If we have to look into the scenario of African mining, it is unfortunate to say that it only contributes around 6 percent to global mining production. Though Africa holds nearly 30 percent of the global mining resources, certain reasons and challenges are hindering African mining development. And there is no doubt to the fact that mining industry is facing tremendous challenges right now with the extinction of easy-to-mine resources and difficulty in tapping new resources. There are many risks involved and several factors need to be taken into consideration, especially the climatic conditions.
Having said that, there are four of the biggest reasons why the African mining sector is lagging:
Many extraction processes remain unaccountable in African mines.
Poor implementation of mining codes that are leading to environmental calamities.
Location of the African mines.
African mining and environmental damages
The burning of fossil fuels and mining has always resulted in different kinds of environmental issues globally. The negative effects can be seen in the agricultural sector, harm to human health, ecosystem, etc causing many points of concern. Environmental pollution is the biggest challenge that is caused by mining. It leads to climate change, global warming, and severe degradation of the environment. Although large-scale mining companies in Africa carry on an Environmental Impact Assessment (EIA) to execute some serious mitigation control within the boundaries of the mine it has been noticed that the government’s role in enforcing EIAs is generally obsolete or weak that gives leverage to the companies to carry out a degraded assessment, resulting in major damage to the environment.
How mining development in Africa can lead to job creation without damaging the environment?
The African mining and the African mines have always generated huge profits for bigger companies who have invested in African countries, hence the local ones getting ignored.

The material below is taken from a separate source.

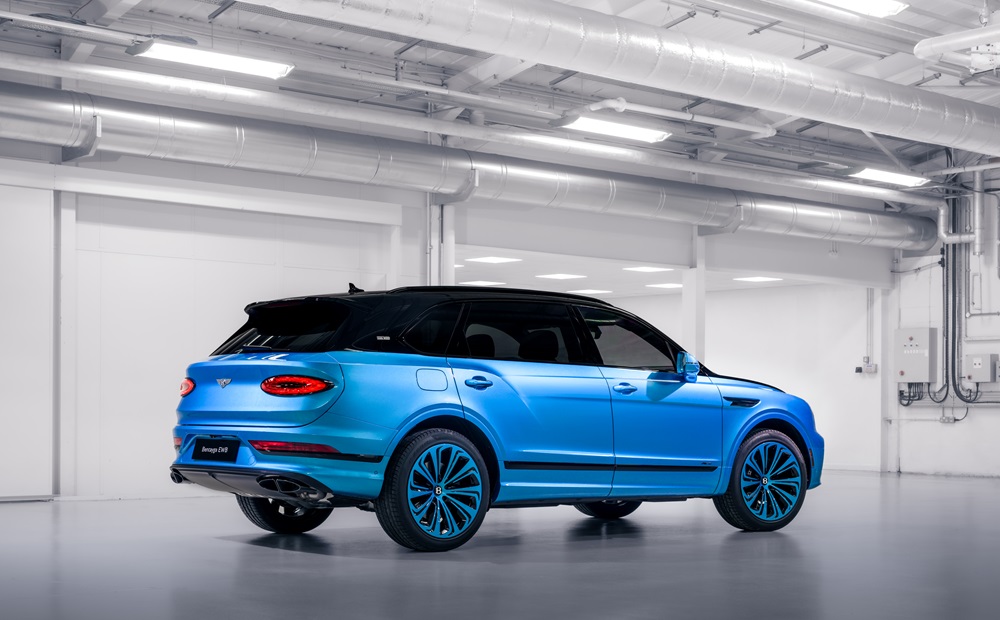 Duo-tone Bentayga EWB Azure V8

Now the government is taking all the crucial measures to the revenues from mining into infrastructure development and employment generation. If we talk about Sub-Saharan Africa, access to cost-efficient and green energy is extremely limited or rather challenging for the African mining sector. And because of the monopoly of the state-owned utilities, mining development in Africa has always slowed down.
The mining companies face a lot of power outages, especially in remote locations which hinders the use of HFO gensets on-site. But the mining companies have left no stone unturned to use advanced technology, innovation, and green energy to carry out their operations. And now that the mining companies are thriving to be transparent, and looking for better partnerships with the local communities, government, and other companies, this will open new avenues of job opportunities within Africa. The African mining sector and the mining development in Africa are undoubtedly seeing a large boom and the majority of it is derived from foreign direct investment. But the government needs to intervene in these processes so that the environment does not get harmed whilst giving the opportunity to people to get jobs and change the face of Africa in the coming years.